Managing liquidity risk

ASX Clear minimises the size of its liquidity obligations to participants through daily (and in the case of significant market movements, intraday) settlement of variation margin. This prevents the build up of large (credit and) liquidity exposures. ASX Clear's framework for managing its remaining liquidity risks involves the monitoring of liquidity exposures through daily stress testing (see CCP Standard 7.8) and the maintenance of sufficient liquid resources to be able to meet payment obligations in the event of a participant default (see CCP Standard 7.3).

ASX Clear also provides participants with information to help them manage their liquidity needs and risks, which in turn protects the CCP. Participants are provided with sufficient information to understand their intraday margin call obligations, and replicate stress-test outcomes. ASX publishes a daily CME SPAN and CMM margin parameter file that allows participants to estimate payment obligations associated with margin requirements for actual or hypothetical portfolios. ASX provides advance warnings and communications in respect of calls for additional margin, and margin rate changes. For example, participants are notified if their stress-testing results approach their STELs. Additionally, ASX works closely with participants where new obligations are likely to affect their liquidity needs; for example, conducting educational workshops for the introduction of CME SPAN and CMM.

7.2 A central counterparty should have effective operational and analytical tools to identify, measure and monitor its settlement and funding flows on an ongoing and timely basis, including its use of intraday liquidity.

Daily cash flows and investment of funds across the ASX CCPs are monitored and managed by an experienced Portfolio Risk Manager. In addition, the CRM unit reviews a daily report of key risk indicators that encompasses liquidity measures, with any issues being escalated to the CRO. Funding arrangements, such as settlement flows, are also monitored in real time by the CRM and Treasury functions. Portfolio Risk Management uses reports provided by CRM to monitor CME SPAN-calculated margin flows originating from DCS, which feed into ASX's Treasury Management System. Portfolio Risk Management inputs required deals to manage cash-flow movements in the Treasury Management System, which are accessed by Clearing and Settlement Operations via daily settlement reports. These reports are used to generate settlement instructions in Austraclear. Cash flow movements are monitored in RITS. Margin payments from participants must be made by 10.30 am, while payments to participants are manually managed in the RITS queue, and are only released once all margin obligations have been settled (generally by 12.00 pm).

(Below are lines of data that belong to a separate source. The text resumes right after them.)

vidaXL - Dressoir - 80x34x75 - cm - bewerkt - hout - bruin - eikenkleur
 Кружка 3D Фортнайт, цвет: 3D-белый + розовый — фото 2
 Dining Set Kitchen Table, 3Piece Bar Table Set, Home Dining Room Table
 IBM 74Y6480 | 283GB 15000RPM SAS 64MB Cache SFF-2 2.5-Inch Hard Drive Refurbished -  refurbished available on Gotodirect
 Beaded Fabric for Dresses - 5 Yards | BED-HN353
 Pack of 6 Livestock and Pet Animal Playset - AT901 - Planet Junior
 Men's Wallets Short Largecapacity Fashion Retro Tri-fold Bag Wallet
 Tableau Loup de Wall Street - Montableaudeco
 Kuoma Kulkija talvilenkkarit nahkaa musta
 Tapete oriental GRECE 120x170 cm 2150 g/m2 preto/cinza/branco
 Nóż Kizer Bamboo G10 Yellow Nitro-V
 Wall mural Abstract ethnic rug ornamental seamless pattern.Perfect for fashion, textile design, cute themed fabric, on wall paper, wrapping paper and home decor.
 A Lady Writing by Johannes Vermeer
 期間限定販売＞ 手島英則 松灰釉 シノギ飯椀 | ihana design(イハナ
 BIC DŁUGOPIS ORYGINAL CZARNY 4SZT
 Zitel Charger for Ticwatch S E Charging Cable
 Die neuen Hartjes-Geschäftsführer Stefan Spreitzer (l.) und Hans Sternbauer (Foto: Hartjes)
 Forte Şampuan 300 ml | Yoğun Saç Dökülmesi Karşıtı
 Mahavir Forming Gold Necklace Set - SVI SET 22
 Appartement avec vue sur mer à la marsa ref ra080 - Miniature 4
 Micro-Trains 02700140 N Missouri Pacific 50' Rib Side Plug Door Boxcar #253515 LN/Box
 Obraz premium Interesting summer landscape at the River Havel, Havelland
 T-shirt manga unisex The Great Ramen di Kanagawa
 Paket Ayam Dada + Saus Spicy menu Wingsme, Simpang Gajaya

ASX Clear mitigates potential liquidity risks in several ways. ASX Clear maintains $250 million in prefunded financial resources (see CCP Standard 4). In addition, ASX Clear has $50 million available to it under a committed standby liquidity facility from ASX Limited. ASX Clear does not include promissory commitments in its liquidity calculations, including in its stress tests, in recognition of the potential delay in receipt of these resources.

ASX Clear's liquid assets are invested and managed on its behalf by ASXCC (see ‘ASX Group Structure’ in Appendix B). ASXCC's Investment Mandate establishes a clear definition of liquid assets: liquid assets must be available for use within two hours and held in the form of either a restricted set of highly liquid securities or securities eligible for repurchase with the Reserve Bank (see CCP Standard 7.4).

7.3 A central counterparty should maintain sufficient liquid resources in all relevant currencies to settle securities-related payments, make required variation margin payments and meet other payment obligations on time with a high degree of confidence under a wide range of potential stress scenarios that should include, but not be limited to, the default of the participant and its affiliates that would generate the largest aggregate payment obligation to the central counterparty in extreme but plausible market conditions. In addition, a central counterparty that is involved in activities with a more complex risk profile or that is systemically important in multiple jurisdictions should consider maintaining additional liquidity resources sufficient to cover a wider range of potential stress scenarios that should include, but not be limited to, the default of the two participants and their affiliates that would generate the largest aggregate payment obligation to the central counterparty in extreme but plausible market conditions.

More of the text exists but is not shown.